CE, 25 novembre 2021, n° 442977
FAITS
En vue de la rénovation d’une partie de son patrimoine immobilier, la commune de Reims a attribué en 2009 un marché à bons de commandes à un groupement d’entreprises solidaires.
À l’occasion de la réalisation de travaux de zinguerie effectués dans ce cadre, un incendie s’est déclaré sur la toiture de la basilique Sainte-Clotilde, détruisant le dôme nord de l’édifice.
En sa qualité de subrogé dans les droits la commune, l’assureur de cette dernière a obtenu du tribunal administratif de Châlons-en-Champagne la condamnation solidaire des membres du groupement à lui verser une somme en réparation des préjudices subis.
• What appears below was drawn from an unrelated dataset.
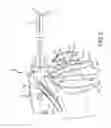 Fig. 03 - Surgical Tool with Crossbar Lever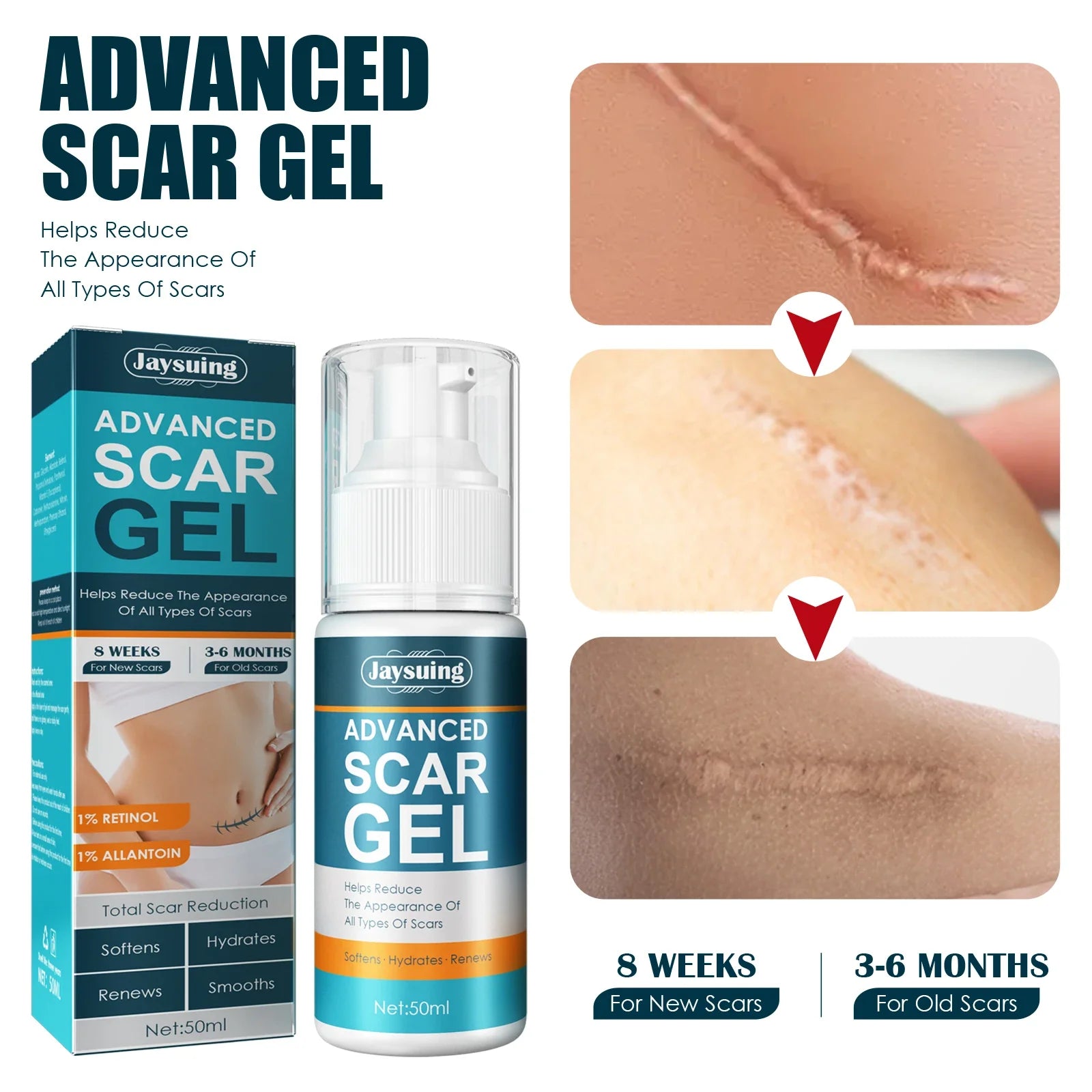 Skin Care Cream Scars Repair Gel Face Body Lotion Smoothing Hydrating Stretch Marks Cream Post Surgery Scar Care Gel Moisturize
L’une de ces entreprises s’est par la suite pourvue en cassation contre l’arrêt de la cour administrative d’appel de Nancy par lequel sa requête tendant à l’annulation du jugement rendu a été rejetée.
question de droit
Lorsqu’est recherchée la responsabilité contractuelle ou décennale d’un constructeur, la vétusté d’un monument historique peut-elle donner lieu à un abattement affectant l’indemnité allouée au titre de la réparation des désordres ?
DÉCISION
Reprenant la solution énoncée dans sa décision « Commune de Dôle » (CE, 5 nov. 1982, n°24361), le Conseil d’État rappelle que la vétusté d’un bâtiment peut donner lieu, lorsque la responsabilité contractuelle ou décennale d’un constructeur est recherchée à l’occasion de désordres survenus sur un bâtiment, à un abattement affectant l’indemnité allouée au titre de la réparation des désordres.
Pour ce faire, le juge de cassation précise qu’il appartient au juge saisi d’une demande en ce sens de rechercher si, eu égard aux circonstances de l’espèce, les travaux de reprise sont de nature à apporter une plus-value à l’ouvrage compte tenu de sa nature, de ses caractéristiques ainsi que de l’usage qui en est fait.
En l’espèce, le Conseil d’État juge que la cour administrative d’appel de Nancy n’a pas commis d’erreur de droit en prenant en considération le caractère historique de ce bâtiment pour refuser d’appliquer un coefficient de vétusté au montant de l’indemnité due au titre des travaux de réfection de la toiture de la basilique Saint-Clothilde, les travaux réparatoires n’ayant pas été considérés comme de nature à lui apporter une plus-value.
COMMENTAIRE
En matière d’abattement de vétusté, l’appréciation in concreto opérée traditionnellement par le juge tend à lui permettre de s’assurer que l’indemnisation versée n’a pas pour effet d’apporter une plus-value à la victime. Cette réparation a en effet seulement vocation à compenser la stricte entièreté du préjudice subi par cette dernière.
S’agissant d’un monument historique, il est constant que son ancienneté lui confère naturellement une certaine valeur, raison pour laquelle le juge de cassation a été conduit à estimer que l’abattement ne devait pas être appliqué en l’espèce, de la même manière qu’il a pu considérer qu’un tel abattement pouvait ne pas être justifié pour un mur de clôture d’un château inscrit à l’inventaire des monuments historiques (CE, section, 8 juillet 1998, Département de l’Isère, n° 132302).